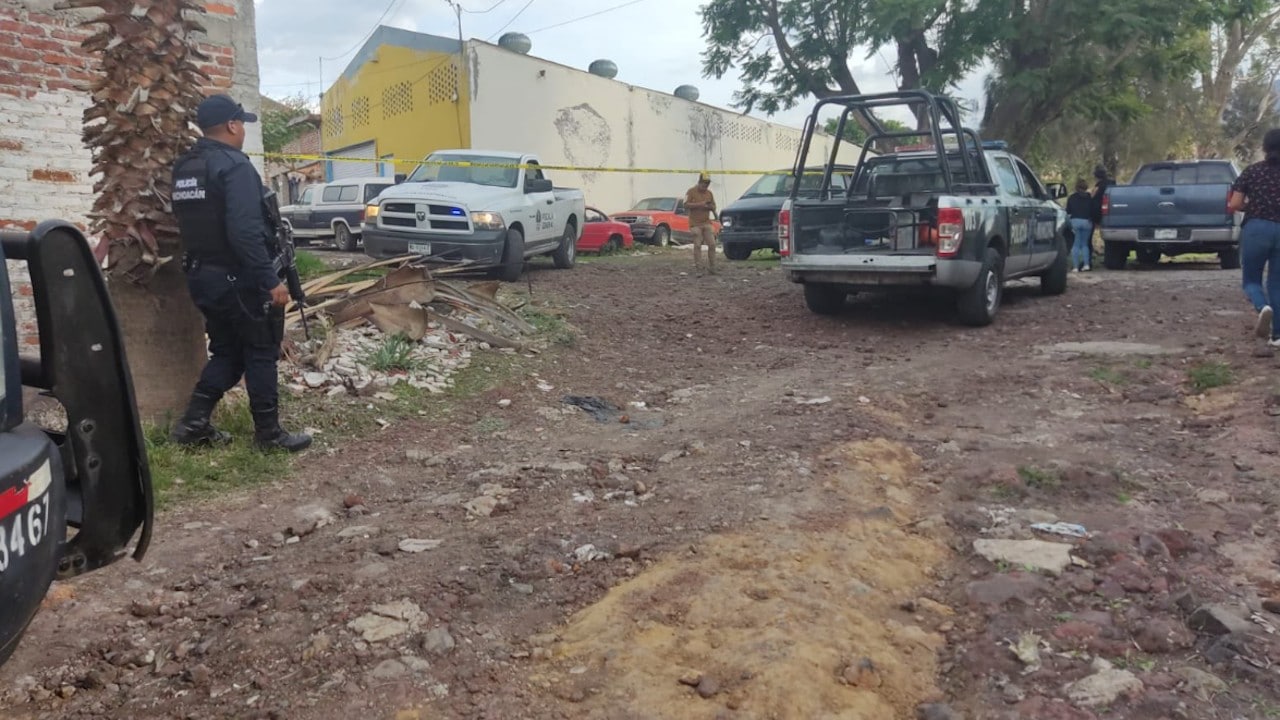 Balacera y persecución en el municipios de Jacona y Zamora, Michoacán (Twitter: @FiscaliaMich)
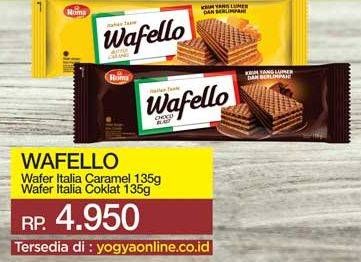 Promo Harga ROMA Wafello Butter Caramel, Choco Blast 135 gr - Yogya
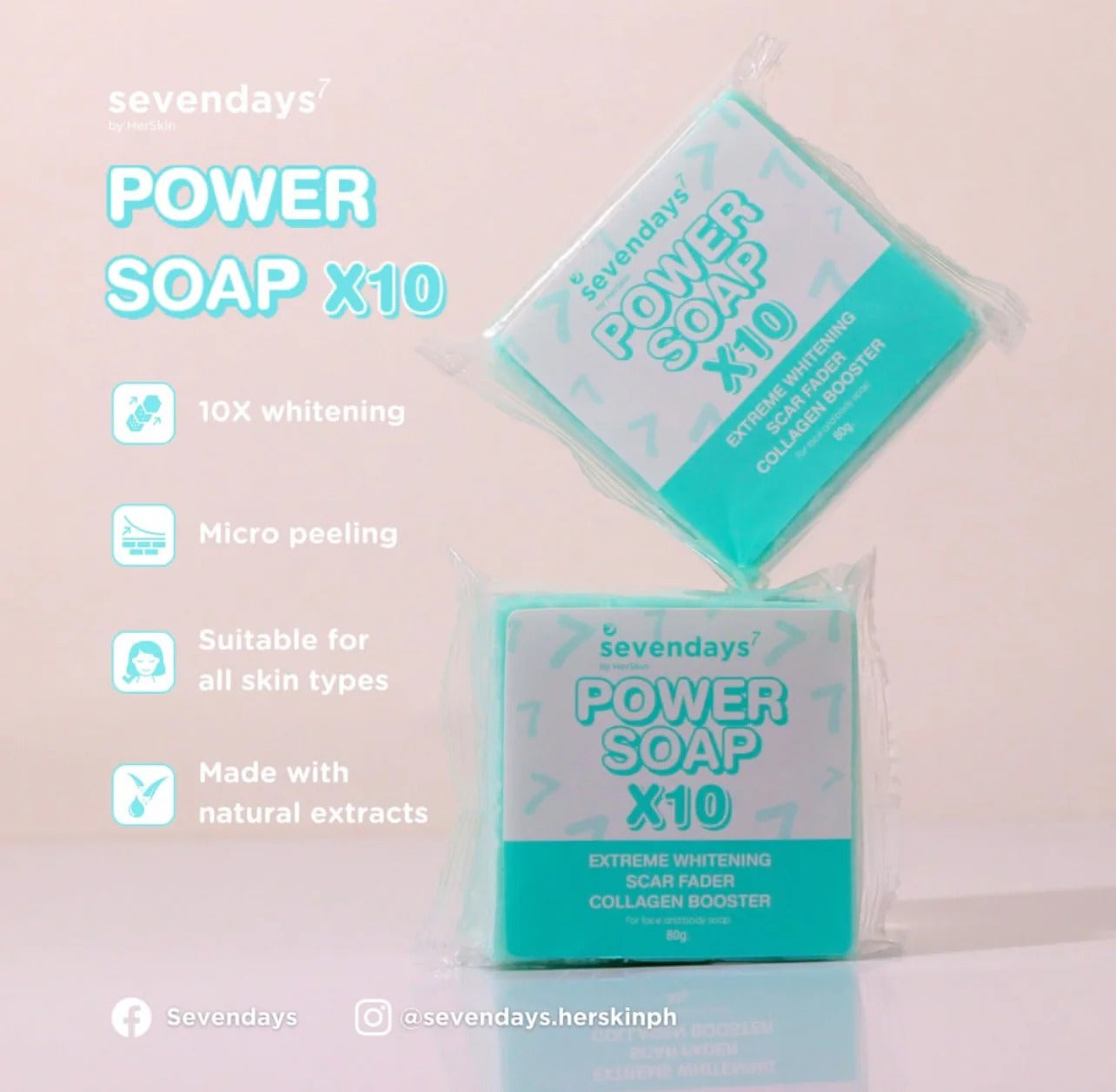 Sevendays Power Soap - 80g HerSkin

#### WHAT YOU SHOULD DO:
Transcribe the listing verbatim, pictures excluded.

#### TASK OUTPUT:
 Balacera y persecución en el municipios de Jacona y Zamora, Michoacán (Twitter: @FiscaliaMich)
 Promo Harga ROMA Wafello Butter Caramel, Choco Blast 135 gr - Yogya
 Sevendays Power Soap - 80g HerSkin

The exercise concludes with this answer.